James Prichard a fait rebaptiser le plus fameux roman de son arrière-grand-mère Agatha Christie en «Ils étaient dix». Une œuvre qui n’en est pourtant pas à une variation de titre près.

«Absurde», «monstrueux» voire «misérable»… quelle est donc cette terrible nouvelle qui a soulevé tant de protestations en cette veille de rentrée 2020? Pour susciter une telle vague d’indignations, il a suffi que James Prichard, arrière-petit-fils de la papesse du polar Agatha Christie, annonce sa décision de rebaptiser Dix petits nègres, son plus fameux roman, d’un nouveau titre (Ils étaient dix) afin d’en ôter la dimension raciste, susceptible selon les termes de Prichard de «blesser». Une révolution? Pas vraiment.

Le livre paru au Royaume-Uni en 1938 sous le titre de Ten Little Niggers a été publié aux États-Unis en 1940 sans que jamais le mot raciste «nègre» n’apparaisse, les éditeurs locaux ayant opté pour And Then There Were None(«Et soudain il n’en resta aucun») avec l’assentiment d’Agatha Christie. Celle-ci avait, selon l’historien Jean Garrigues, «elle-même reconnu l’utilité de changer le titre au début des années 1940 aux États- Unis», car elle «sentait […] le poids négatif que ça pouvait jouer sur des populations»

Il en a été de même dans plusieurs traductions comme en Allemagne dès 1944 et en Italie en 1946. Au Royaume-Uni, le titre raciste a été finalement abandonné en 1980.

Alors qu’Agatha Christie a accepté le choix de la suppression du terme raciste il y a quatre-vingts ans, notre pays est un des derniers à recourir à ce titrage raciste. Le mot «nègre» a finalement disparu dans sa langue d’origine sans que cela ne suscite de telles controverses.

Pourtant, cette terminologie raciste est encore aujourd’hui défendue en France avec une énergie déconcertante tant elle est passionnée.

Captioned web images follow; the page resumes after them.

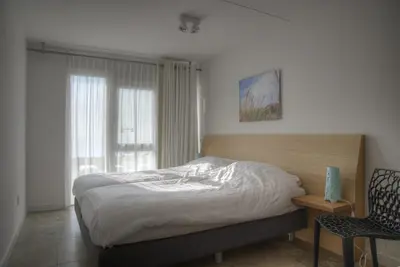 a bedroom with a bed and a chair and a window at Atlantis 14 in Egmond aan Zee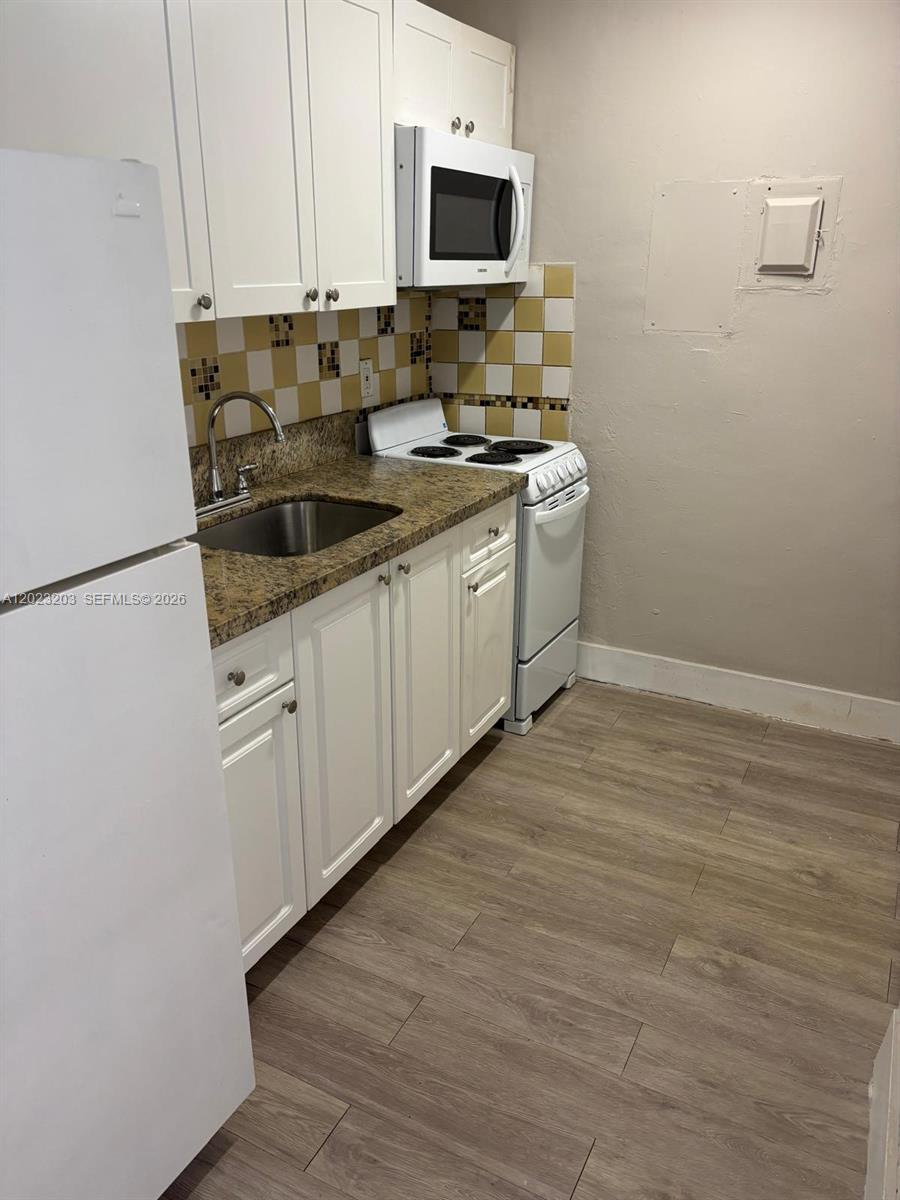 520 Southwest 4th Street, Unit 11 Miami, FL 33130 - Photo 7 of 7 a kitchen with stainless steel appliances a sink stove and microwave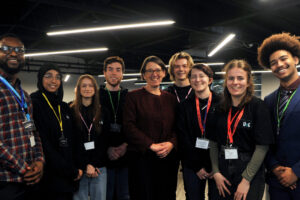 Anne Keast-Butler with eight smiling students lined up next to her looking at the camera
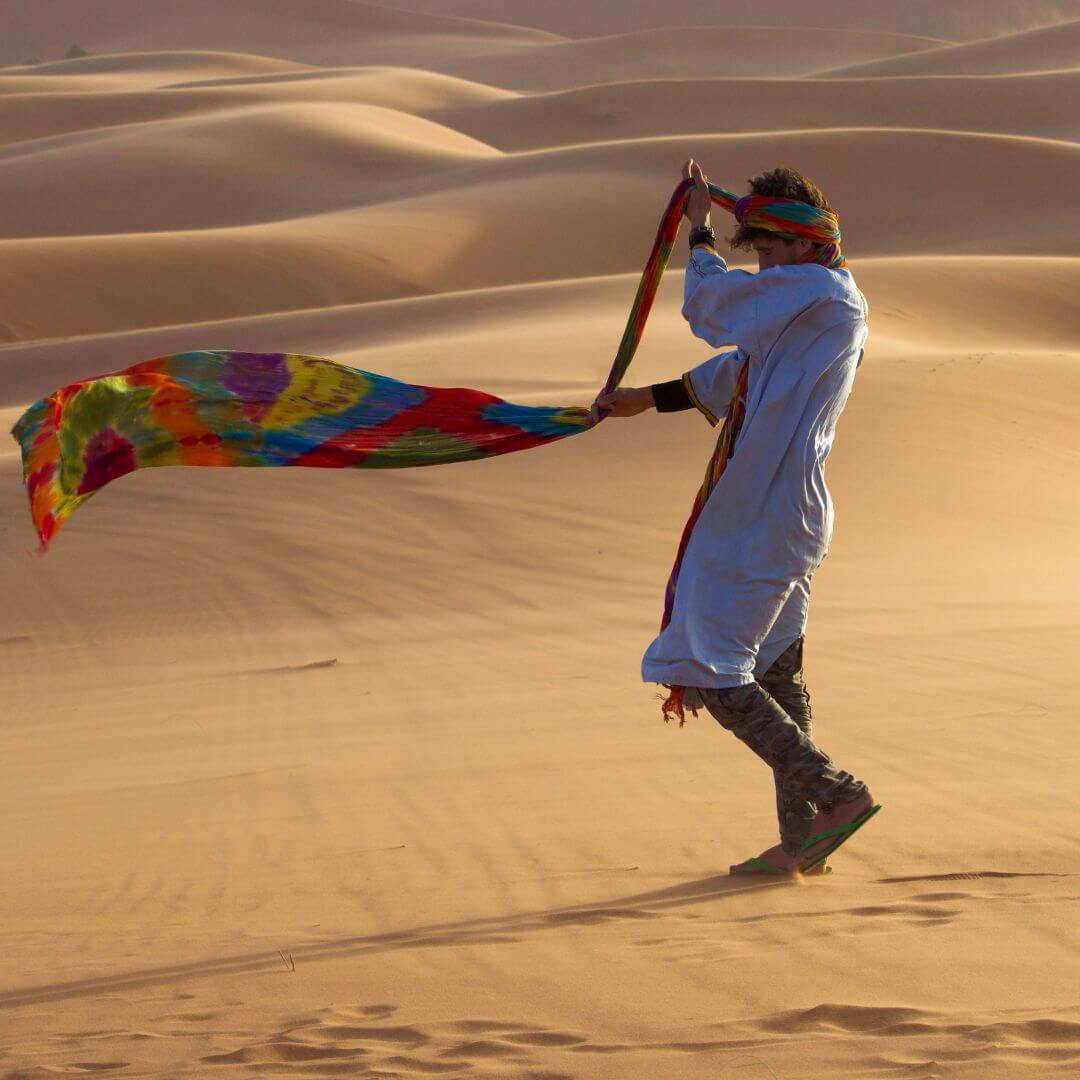 صورة لمرشد سياحي محلي يرتدي الملابس التقليدية الصحراوية وهو يشرح تفاصيل الرحلة لمجموعة من السياح المهتمين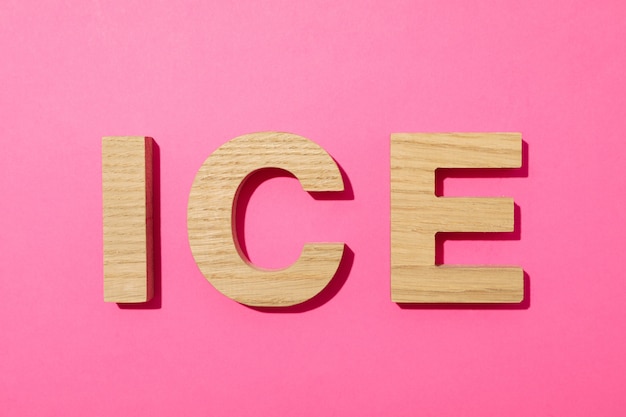 Ice word made from wooden letters on pink background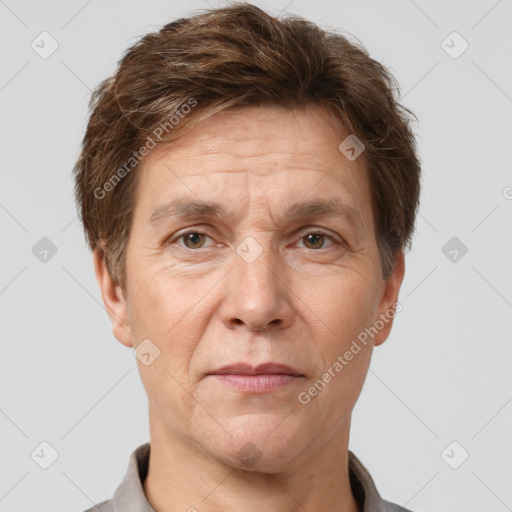 Joyful white adult male with short  brown hair and grey eyes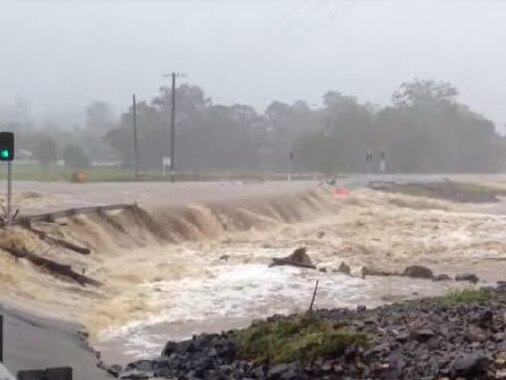 Coomera River in flood with old John Muntz Bridge.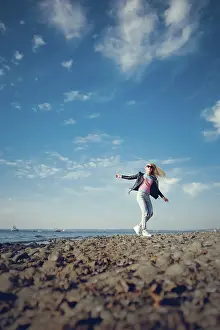 Prints of A woman in casual attire joyfully standing on rocks near the ocean under a sunny blue sky with scattered clouds, Belarus, Minsk Belarus Prints: Belarus Ocean Landscape Print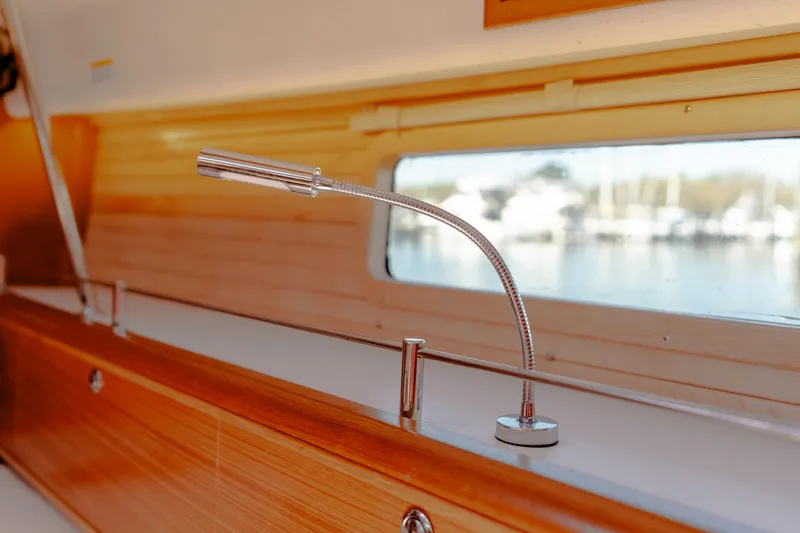 Age Gap Yacht Photos Pics Interior of 2023 Catalina 425 yacht with sleek wooden finish and modern lighting.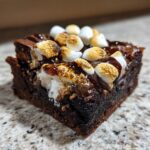 Close-up of a fudgy hot chocolate brownie square topped with toasted marshmallows and chocolate drizzle.
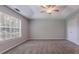 Large main bedroom with tray ceilings, fan, and plenty of space at 2140 Deer Trl, Suwanee, GA 30024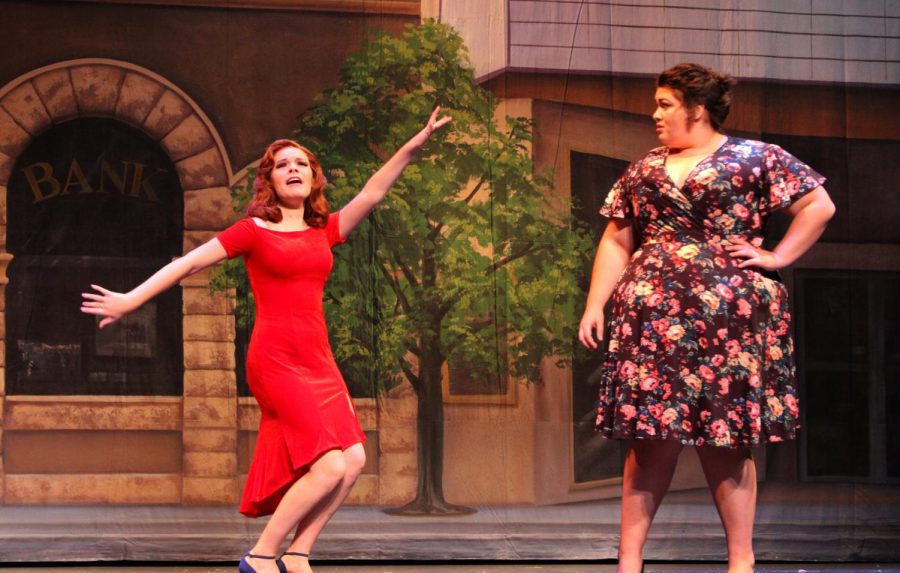 Senior Jessica Schrag shows her character Miss Sandras personality through her dancing as Sylvia, played by junior Mary Piedrahita, watches her.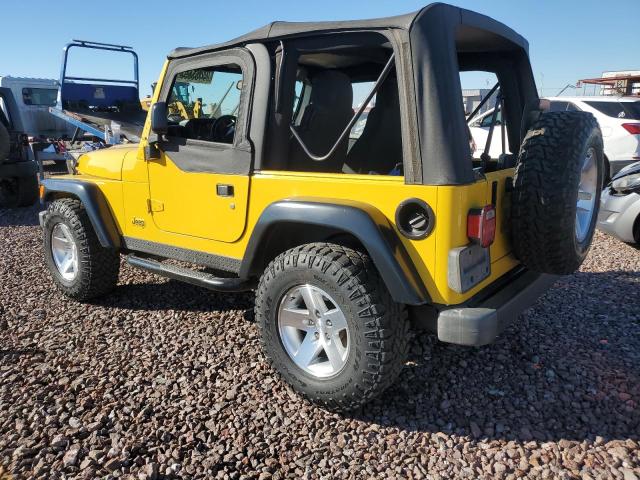 1J4FA69SX4P704678 - 2004 JEEP WRANGLER / RUBICON YELLOW photo 2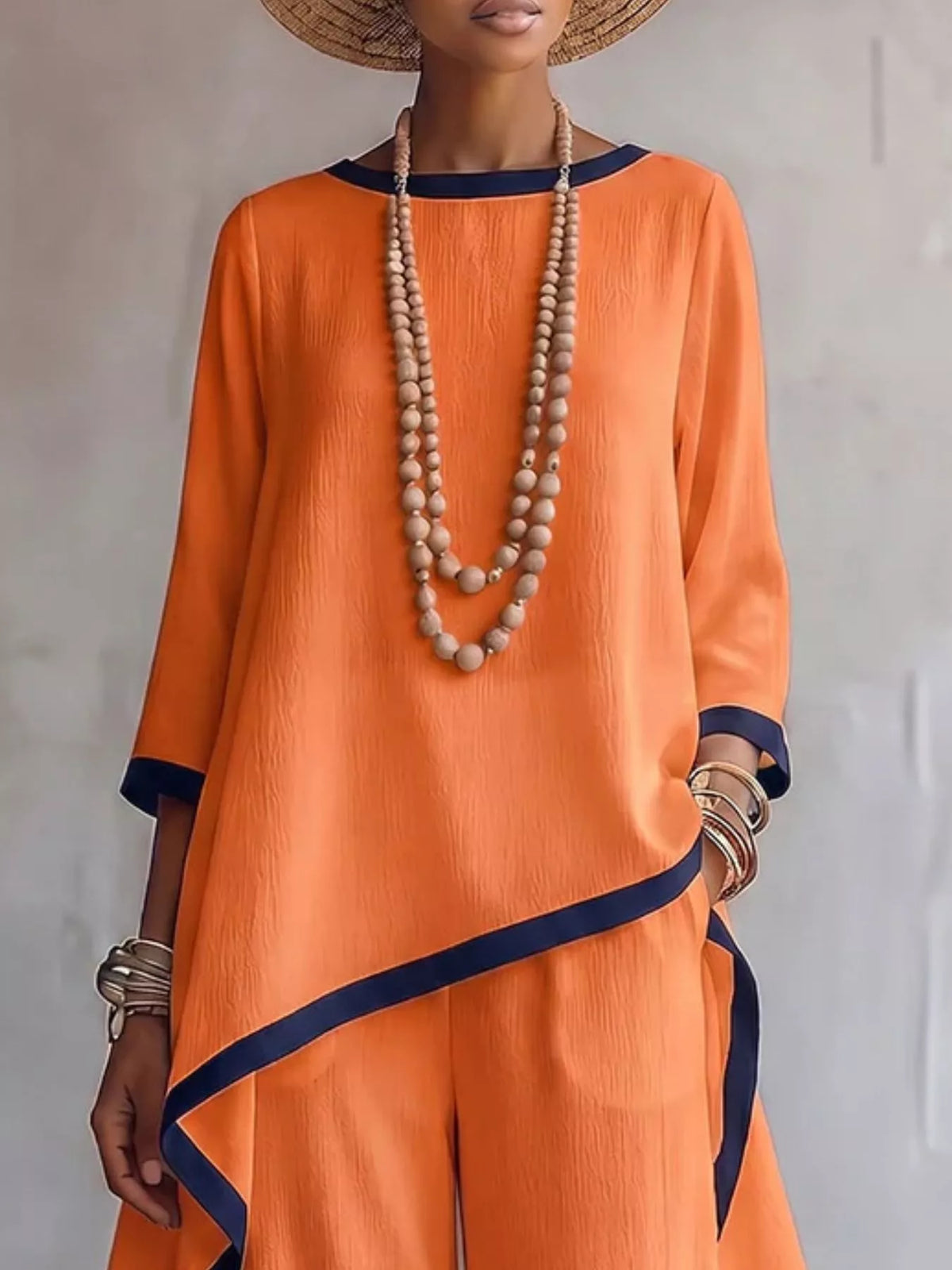 Orange contrast-trim top and pants set, asymmetric top detail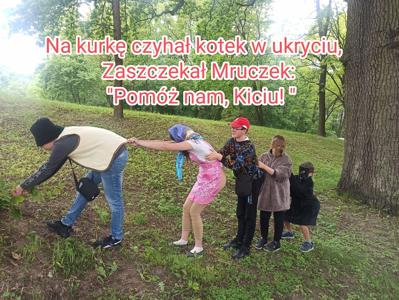 Na zdjęciu dzieci ciągnął rzepkę. Do nich dołącza kotek. 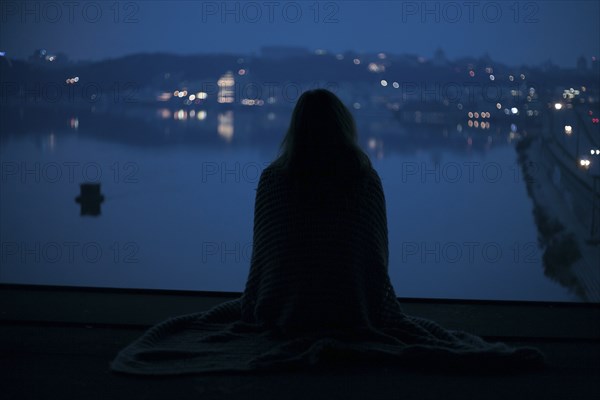 Caucasian woman sitting near waterfront at night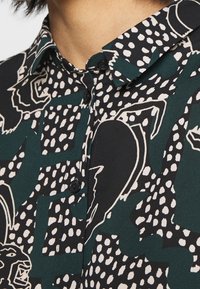 Overhemd met knopen, voorzien van een zwarte achtergrond met groene en crèmekleurige abstracte patronen, korte kraag en donkere knopen voor sluiting.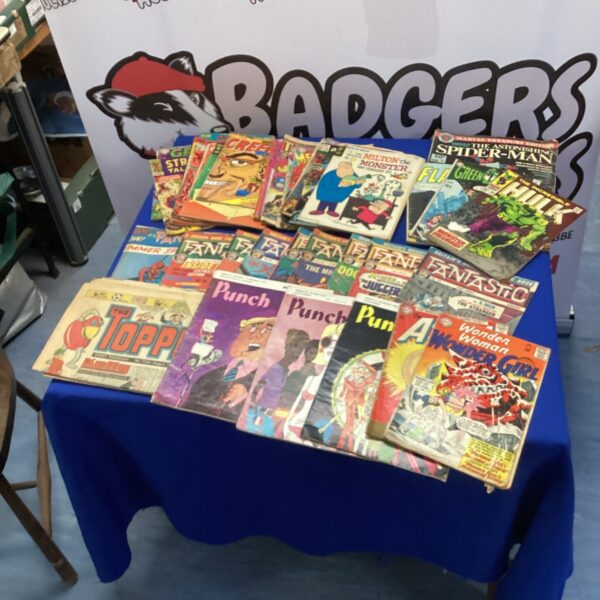 A colourful lot of vintage comic magazines, including Marvel titles.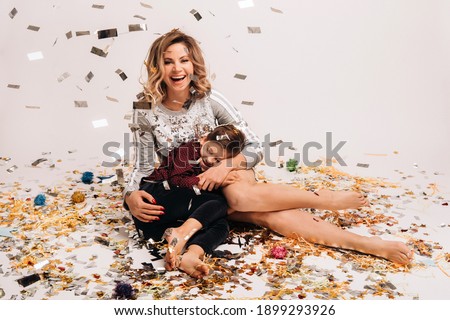 Portrait of a happy mother and son on a white background in confetti.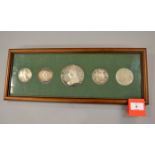 A framed collection of five silver Royal commemorative medallions, 1887 Jubilee 78mm,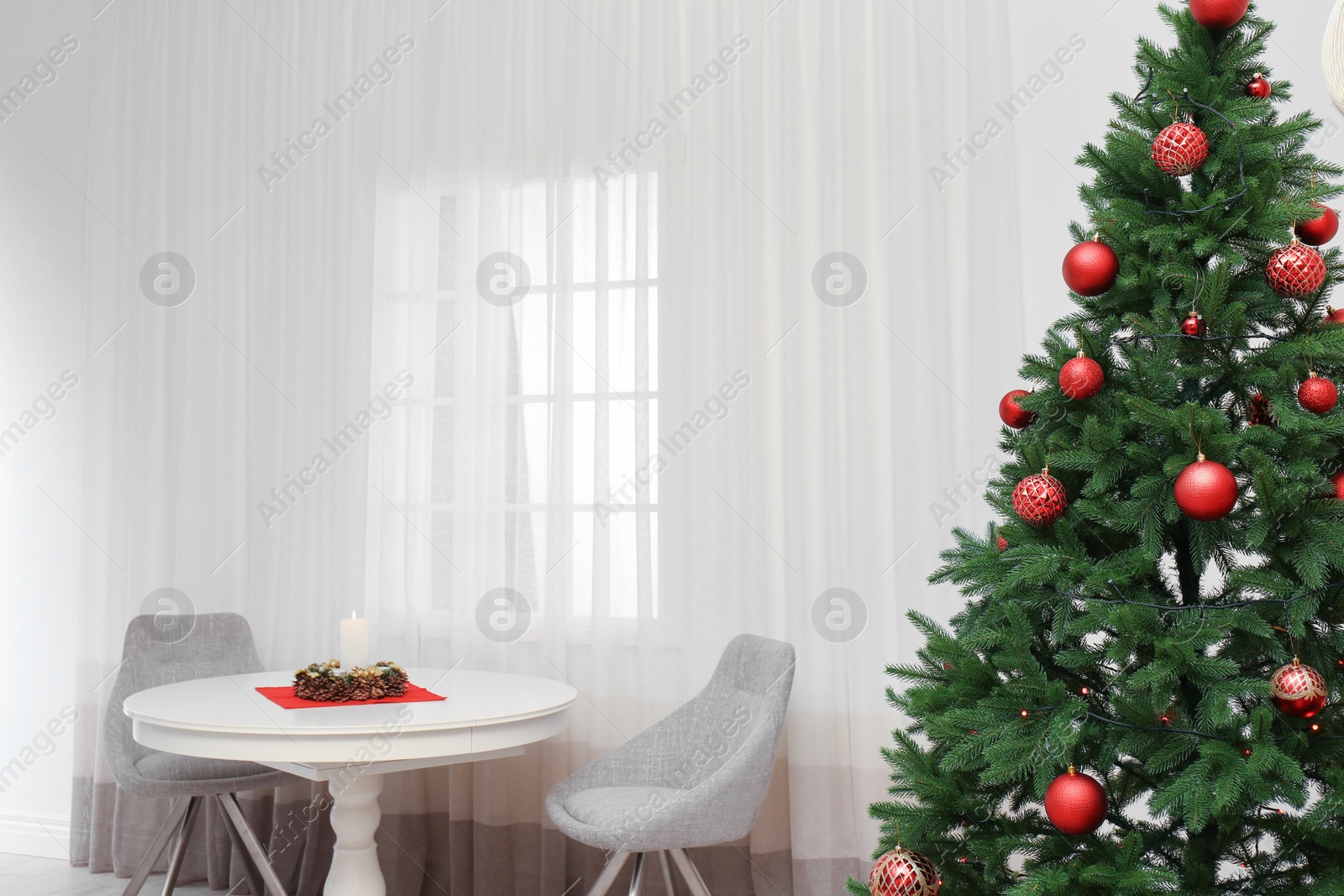 Photo of Stylish Christmas interior with fir tree, table and chairs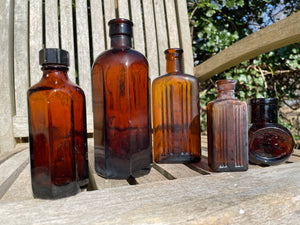 Five Antique and vintage brown glass bottles incl. Milton 4 and 5 and two ribbed Examples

Asseoir sa position dominante

Pourquoi s’attacher si désespérément à l’usage d’un mot dont le caractère offensant est incontestable? Dès lors que l’on connaît le caractère raciste d’un mot, si l’on sait qu’il blesse et humilie une partie de la population, pour quelle raison rationnelle s’obstiner à l’employer? Quelle privation ressentent les personnes qui s’accrochent à ce mot au point de déployer une argumentation si prolixe pour en défendre l’usage?

À mon sens, cela témoigne non seulement d’un manque de considération et de respect pour ses concitoyen·nes mais aussi d’un besoin irrépressible d’écraser les voix subalternes. Il s’agit pour les personnes qui font la promotion de ce mot odieux d’asseoir une position dominante qui n’existe que dans le maintien de rapports de force issus de cette histoire ancienne dont elles devraient avoir honte au lieu de la brandir comme une précieuse tradition.


Faut-il manquer d’humilité pour se persuader du fait que la France plane si haut au-dessus des autres nations qu’elle puisse avoir raison contre le monde entier, y compris contre Agatha Christie.

Et en réalité, le titre actuel ne trahit aucunement l’intrigue, le terme raciste ne revêtant aucun caractère fondamental dans la narration du roman. Et si l’on place d’un point de vue strictement littéraire, le titre And Then There Were None, tiré de la dernière phrase du livre, est bien plus poétique, mystérieux et en phase avec la nature du récit policier que celui qui avait été initialement adopté.